I have no problem speaking non-stop for an hour or 90 minutes, but holding an audience of students for 3 hours seemed daunting. So I approached the course as if I was producing a television show: An expert guest would speak about a particular aspect of the discipline, and I'd teach the basics from a textbook in the second half of the class. For a midterm project, the students would break into teams, create their own fictional crises and stage press conferences.
The syllabus worked like a charm. I managed to bring to class crisis managers, whose ranks include the press secretary of former [and disgraced] Gov. Eliot Spitzer (now of Edelman), the former editor-in-chief of the New York Post and Daily News (now of FTI Consulting), and the former ambassador of Iraq to the United Nations.
JOUR 101 and Newspaper Advisor
Three years later, I was finally given other Communication Arts courses to teach, including JOUR 101, which served as a precursor to advising a student newspaper. Such a publication hadn't existed on campus in 7 years, purportedly due to a lack of interest.
We proved them wrong, and in the fall of 2016, the Manhattan Globe became the U.S.'s only new college print startup, according to the Society of Collegiate Journalists (SCJ) and the College Media Association (CMA). The name "Manhattan Globe" was suggested by the co-editor, a junior who was born in Sri Lanka, because it reflected the diverse student body on the campus, half of which are international. In fact, 7 countries were represented on that inaugural staff.
Under my watch as editor-in-chief of the Hofstra Chronicle in 1979-1980 (no advisor, incidentally), we were named by SCJ as the Best Weekly in the country. These NYIT students are fiercely independent and reminded me of my Chronicle colleagues. The Globe's editors make editorial decisions, not me.
At the CMA convention the next March I made a presentation on what I learned being a first-year college newspaper advisor, and at another session explained what it was like to publish the 2016 presidential election issue (above left) across the street from a Trump hotel.
No matter what course I’m teaching, my goal is to get students to open their minds to what’s staring them in the face, and dig further to think like journalists, much in the way Professor Kingsfield’s objective in the 1970s law school drama The Paper Chase was to get his students to “think like lawyers.”
I am certain that my teaching has touched the lives of students, at least anecdotally. For example, fellow journalist and college classmate Keith Greenberg, whom I invited to speak at Hofstra, in the mid-1990s ran into a former student of mine, Willy Diaz, who remembered him from 10 years earlier and was at the time an on-air reporter for News1. They were covering the same event. He told Keith that my class was the reason he became a broadcast journalist.

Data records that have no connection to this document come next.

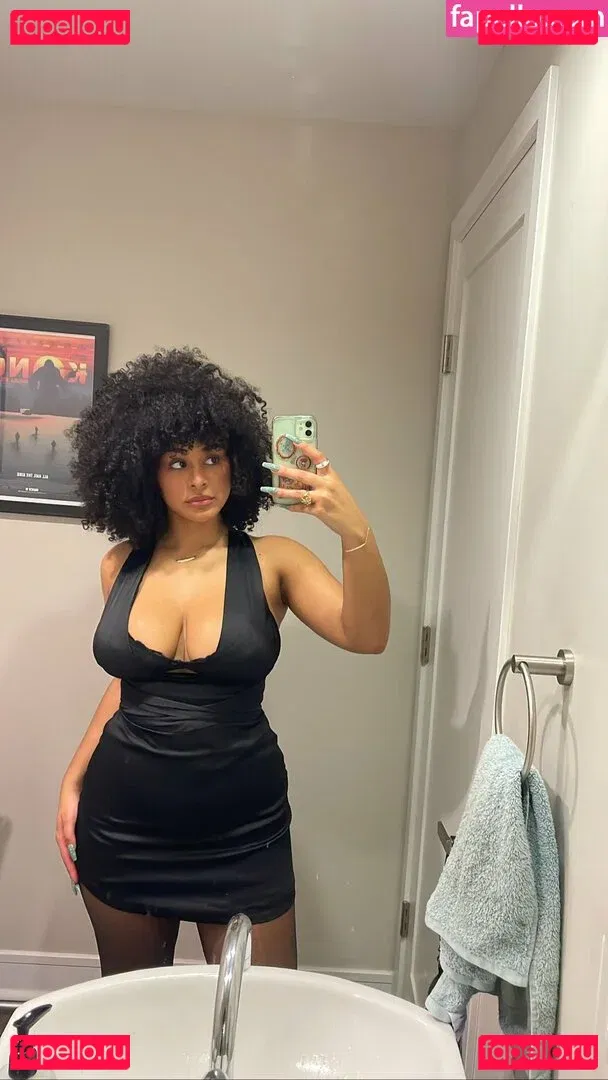 Raina Morris Onlyfans Photo Gallery 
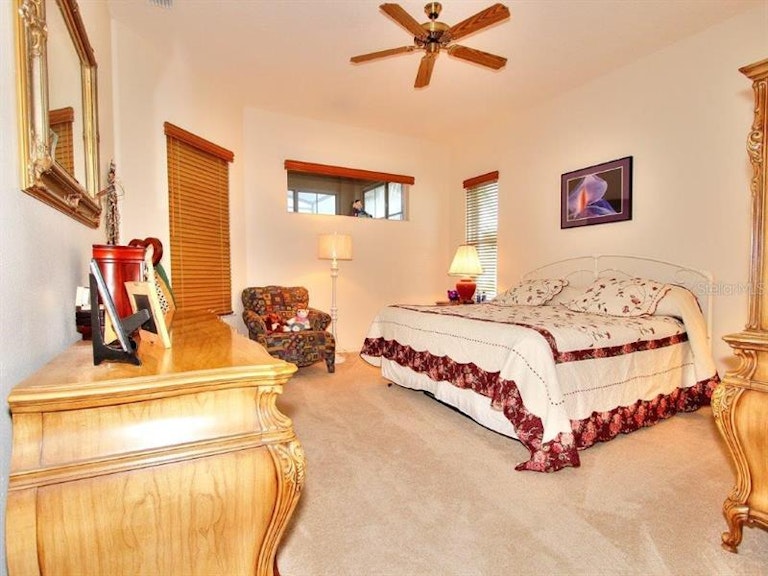 Photo 12 of 25 - 5561 Squires Dr, Leesburg, FL 34748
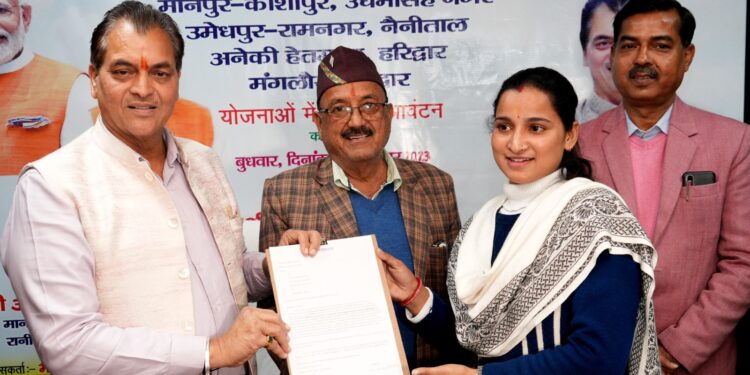मंत्री प्रेमचंद अग्रवाल ने बांटे 1983 आवास, लाभार्थियों के चेहरे पर दिखाई मुस्कान।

Similarly, my graduate student from Greece, who graduated from NYIT in 2017, told me I’m her mentor, which made me proud. I should also note that for probably half of the students I've taught over the past few years, English is their second language, which takes a special pedagogy skill.
Former students have received internships and jobs through my business connections, and often ask me for recommendations in their job or grad school applications. I would look forward to making that kind of impact on future students.
As much as I relish being back in the classroom, I'd be remiss to not comment on the sorry state of academia, in which adjuncts like myself are viewed as a disposable, replaceable commodity, but meanwhile keeps the institution afloat. Adjuncts teach at nearly every college or university at least two-thirds of the classes, yet receive a quarter or less of what their full-time, tenured counterparts earn and no benefits. I've made it a personal mission to change this and have led the charge to organize my colleagues to challenge the status quo. Stay tuned.
My JOUR 101 class visits Democracy Now, a regular NYIT field trip. Students asked questions to studio guest Chelsea Manning that morning.